* _Aim of the exercise_: What is needed is an exact transcription of every record, minus the pictures.

* _Records to use_:
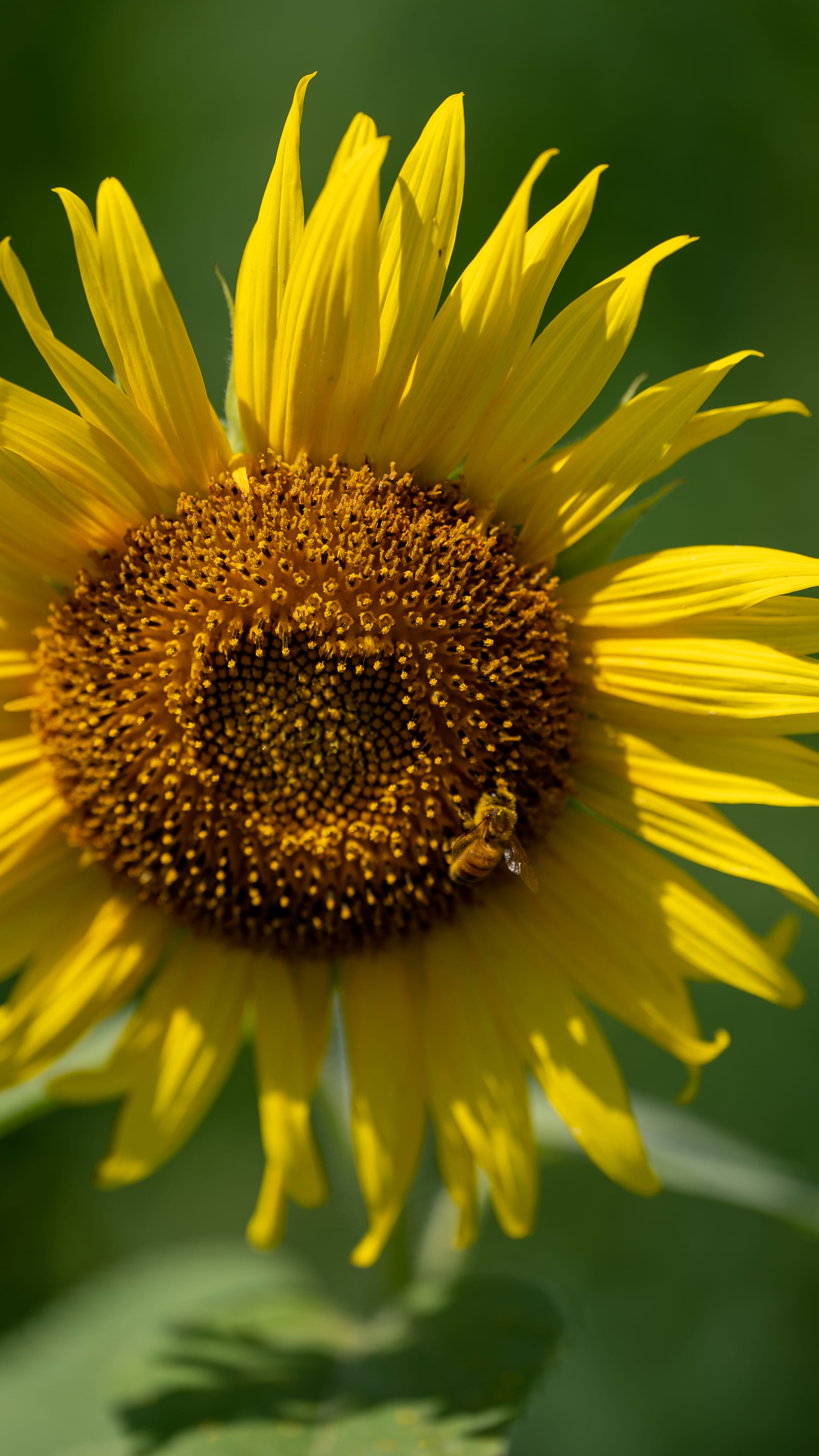 No.130109 三本木ひまわりの丘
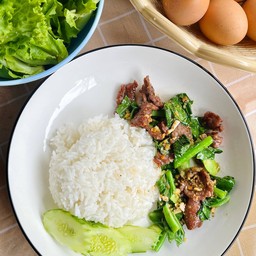 คะน้าเนื้อน้ำมันหอยราดข้าว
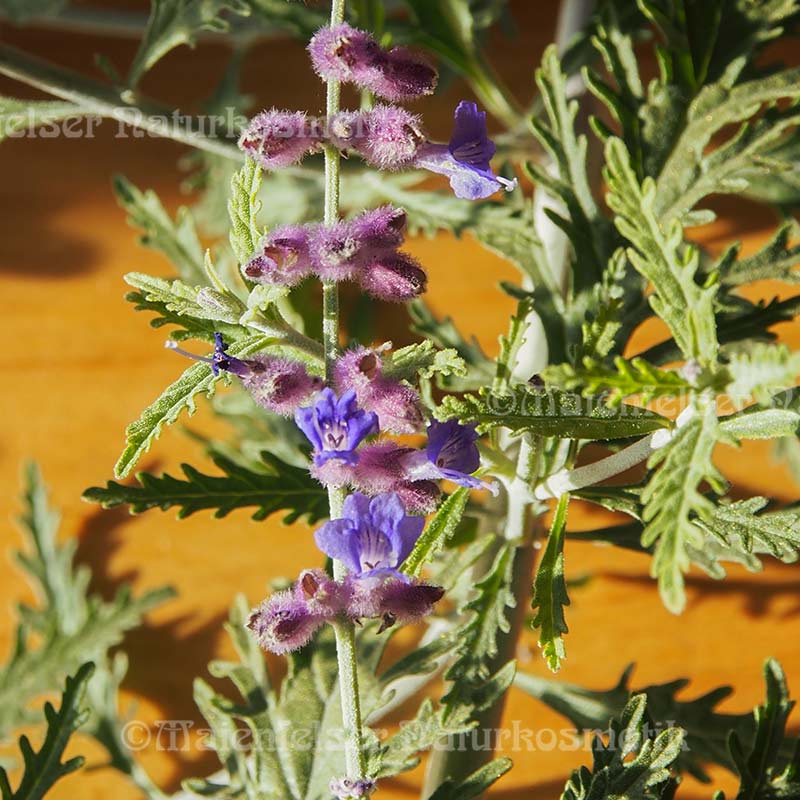 Blauraute BIO (1 ml)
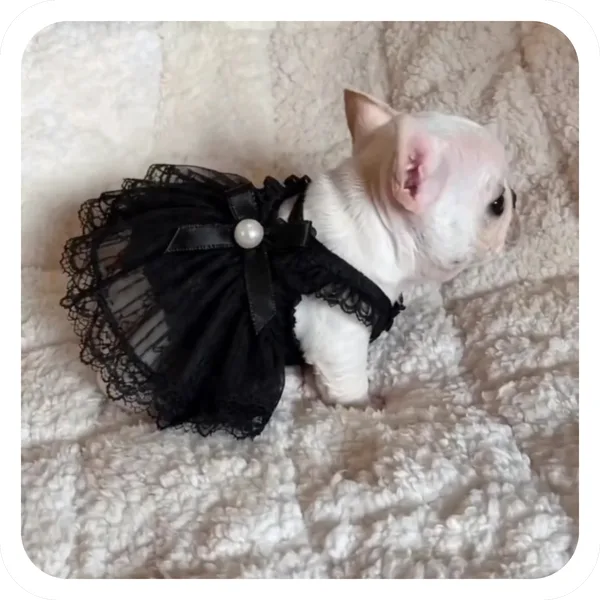 Little Black Dress, Pibble Batch 01 common sticker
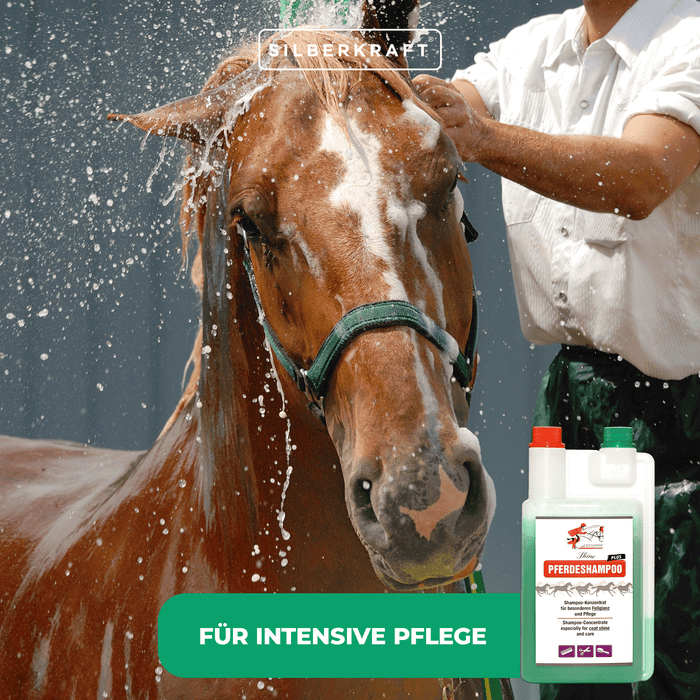Pferdeshampoo Plus: für gesundes und glänzendes Pferdefell - Silberkraft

* _Expected answer_:
 No.130109 三本木ひまわりの丘
 คะน้าเนื้อน้ำมันหอยราดข้าว
 Blauraute BIO (1 ml)
 Little Black Dress, Pibble Batch 01 common sticker
Pferdeshampoo Plus: für gesundes und glänzendes Pferdefell - Silberkraft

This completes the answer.